28 Kas 2012

Giresun

      Bir türlü fırsat bulamadığım için ancak şimdi yazabildim bu güzel şehri... Bayram tatilini fırsat bilip, hem çok özlediğim ailemi ziyaret etmek hem de  Giresun'u bir kez daha görmek için düştük yollara..Aslında hemen hemen her yıl gidiyorum Giresun'a. Bu gezim, daha çok ziyaret amacı güttüğü için sizlerle çok iyi bildiğim yerlerini paylaşacağım. Belki başka bir yazımda, eğer arşivdeki fotoğraflarımı tarama sabrını, metanetini gösterebilirsem diğer bölgelerini de paylaşmak isterim.

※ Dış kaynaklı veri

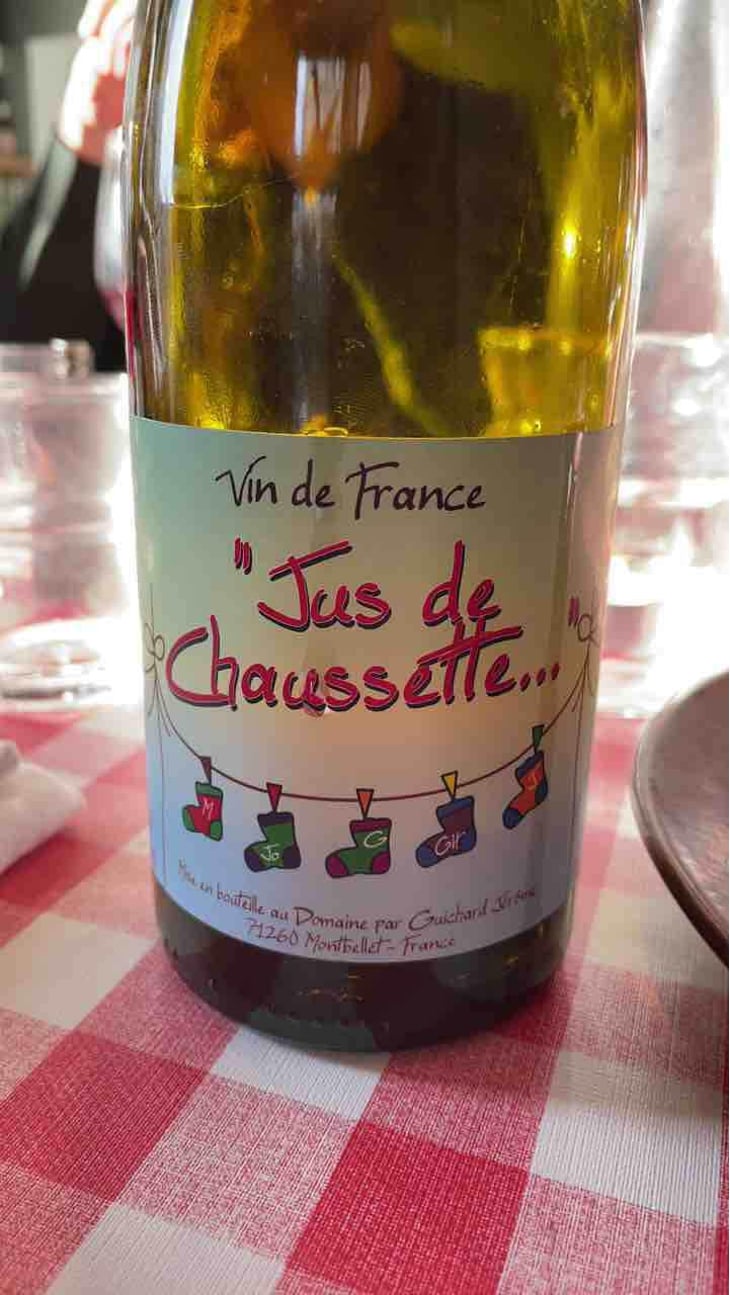 Jus de Chaussette - Domaine Sauveterre - Ghislaine & Jerôme Guichard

      Ulaşım seçeneklerinden bahsetmek gerekirse, maalesef Giresun'da havaalanı yok(henüz yapımı devam eden Giresun-Ordu arasında bir havaalanı var ve 2015'e bitirilmesi planlanıyor) Bu sebeple ilk tercihiniz, özel araçla o kadar yolu çekemem diyosanız otobüs yolculuğu oluyor o da yaklaşık 16 saat sürüyor .Eğer onu da çekemem diyorsanız Trabzon havaalanı en yakın alternatif. Ama havaalanından Giresun merkez yaklaşık 2 saat sürüyor. Ulusoy Deryanın havaalanından Giresun'a servisleri var ve ücreti de sanırım 8,5 lira gibi bir şeydi..Biz uçağı tercih ettik. Karşılamaya gelen babamın dönüşte arabası arıza yapınca çok ufak bir Akçaabat macerası da yaşadık:) Bu da oradan ilginç bir kare...

      Neyse, Giresun' dan bahsedelim biraz..Giresun, Doğu Karadeniz Bölgesinin şirin bir ili. Aynı zamanda ben Giresunlu olduğum için ayrı bir anlamı var benim için bu şirin şehrin. Köklü bir tarihi olan şehirden, insanlarının sıcak kanlılığıyla doğal güzellikleri de bir araya gelince çok güzel hatıralarla ayrılıyorsunuz .


 Öncelikle görmemiz gereken yerler merkezde. Karadeniz'in tek adası olan Giresun Adası (Aretias) görülecek yerler arasında. Hem balık tutmak hem de adayı gezinmek için eniştemin ayarladığı tekneye atlayıp adaya doğru yollanıyoruz. Fakat öğreniyoruz ki adadaki arkeolojik çalışmalar yüzünden ziyarete kapalı. Sadece çevrede bilinen insanların balık tutmasına müsaade ediliyor, bu yüzden adanın iç kesimlerini gezemeden kayalıklarda hem balık tutuyoruz hem de Giresun'un akşamüstü manzarasıyla gözlerimize ziyafet çektiriyoruz.

Ayrıca görülebilecek yerler arasında Giresun Kalesi, müze,Meryem Ana Manastırı sayılabilir...Giresun merkezde iki gün geçirdikten sonra Dereli üzerinden Kümbet yaylasına doğru yollanıyoruz.Asıl hedefimiz Kümbet idi zaten.

Dereliden sonra peş peşe virajlı yoldan, yol boyunca takip eden dereyle, muhteşem yemyeşil bir manzarayla devam ediyorsunuz. Ayrıca sonbahar buralara ayrı bir güzellik katmış.Doğa bir tablo gibi seriliyor önümüze. Hangi renk yok ki!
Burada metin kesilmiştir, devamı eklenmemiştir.